本人は何気なく行っているであろう自己卑下ですが、周りの人がどのように感じているか知っていますか。そこで、自己卑下に対する周囲の人の意見をまとめました。

あまり好印象と言える内容ではないので、自己卑下している自覚がある人にとっては厳しい意見もあるかもしれません。しかし、それほど自己卑下は好まれないと知れば、改善しようという気になるのではないでしょうか。

それって嫌み?と思ってしまう


「すぐに『私できないから…』という同僚がいるんですけど、実際のところソツなく結構いろいろできるんですよ。謙遜なのか卑下なのか分かりませんけど、できるのにできないアピールが多すぎると、それって嫌み?って思っちゃいますね」(27歳/女性/事務)

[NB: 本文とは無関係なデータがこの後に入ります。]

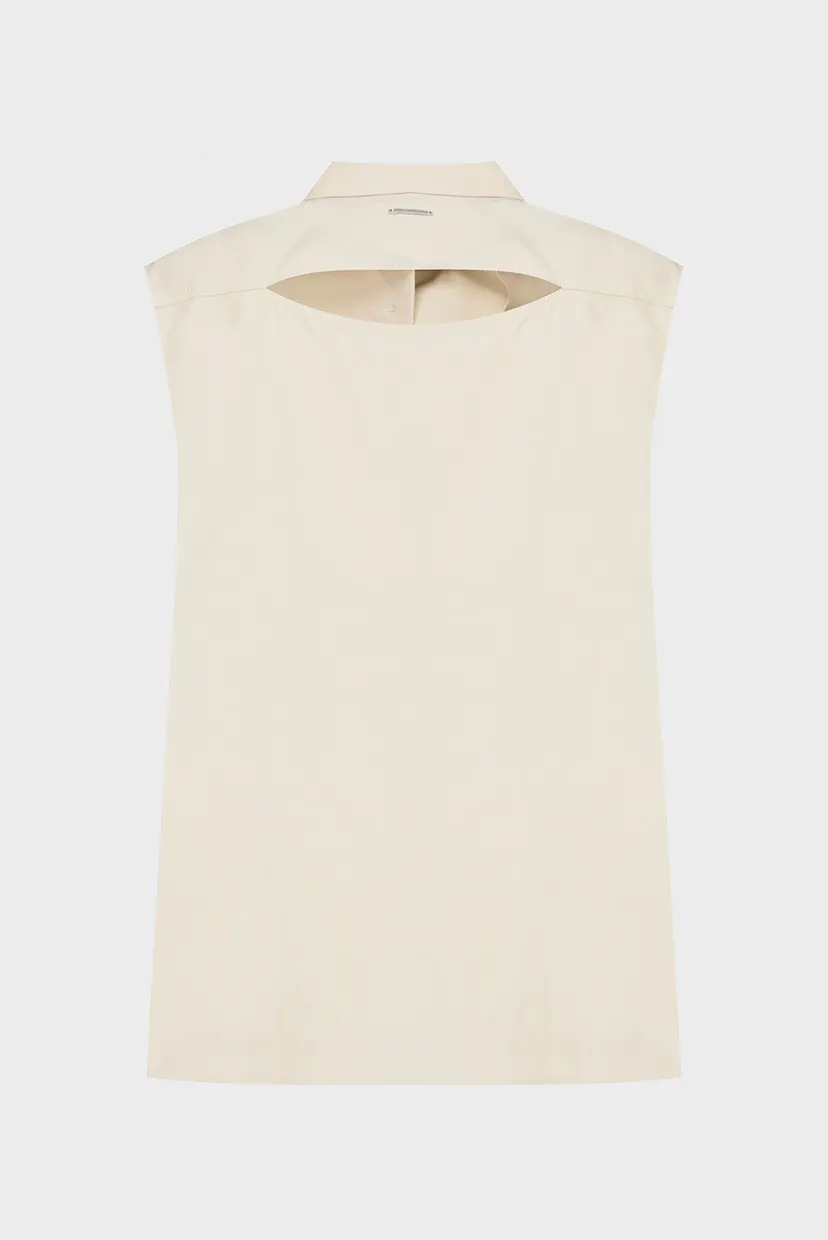 Рубашка с коротким рукавом/LINEN BLEND RELAXED NS SHIRT 6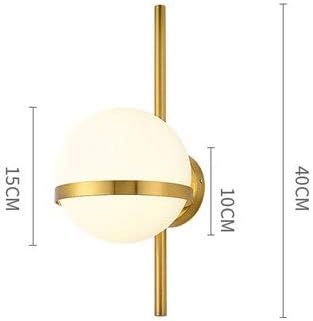 NORDIC WALL LIGHT GLASS GLOBE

周りの人からは「十分できてるよ」と思われているのに、自己卑下する本人だけが「できていない。迷惑を掛けている」と感じることがあるはずです。このような温度差を感じて、周囲は自己卑下を嫌みだと感じてしまうのでしょう。

また、「できない」「ダメだから」というアピールするわりに、言うほどできないわけではない場合、相手への当てつけとして受け取られてしまうこともありますよね。

基本的に否定的な言葉が多いよね…


「自己卑下する人って、『でも…』『だって…』『できないし』『自分じゃ無理』とか否定的なことばっかり言いますよね。何でですかね。否定ばかりしてたら何にもできないと思うんですけど。否定する言葉ばかり聞かされるこっちの身にもなって欲しいですよ」(25歳/男性/企画)

こちらの男性のように、否定的な言葉ばかり発することに嫌悪する人も少なくないでしょう。

何かする前に、少しだけネガティブなことを言ってしまうのは仕方がないかもしれませんが、いつも否定的な言葉ばかり聞かされていると、こちらのやる気にも影響してくる場合があります。やめて欲しいと思うのもうなずけます。

自己卑下する人は「かまってちゃん」みたい


「自己卑下する人って、かまってちゃんなんですかね。『できない』『どうしよう』とか言われたら、こっちは『大丈夫だよ』って言ってあげたくなるじゃないですか。時々ならいいんですけど、しょっちゅうだと、かまってほしくてわざとネガティブなこと言ってくるのか?と思っちゃうんですよね」(32歳/男性/営業)

こちらの男性のように、自己卑下する人は「かまってちゃん」なのかもしれない、と思っている人も少なくないでしょう。

誰だって、「できないかも」と不安を感じている人には「大丈夫だよ」と言ってあげたくなるものです。その心理を利用して気を引こうとしていると思われているので、「かまってちゃんかも」と言われてしまうのですね。

もっと自信を持っても良いのに


「自己卑下する人って、どうしてあんなに自分に自信がないんでしょうね。誰にだってできないことはあるけど、皆で足りないところを補いながらやっていけば問題ないと思うんです。完璧な人なんていないんだから、今のままで大丈夫って自信を持てば良いのに」(23歳/女性/接客)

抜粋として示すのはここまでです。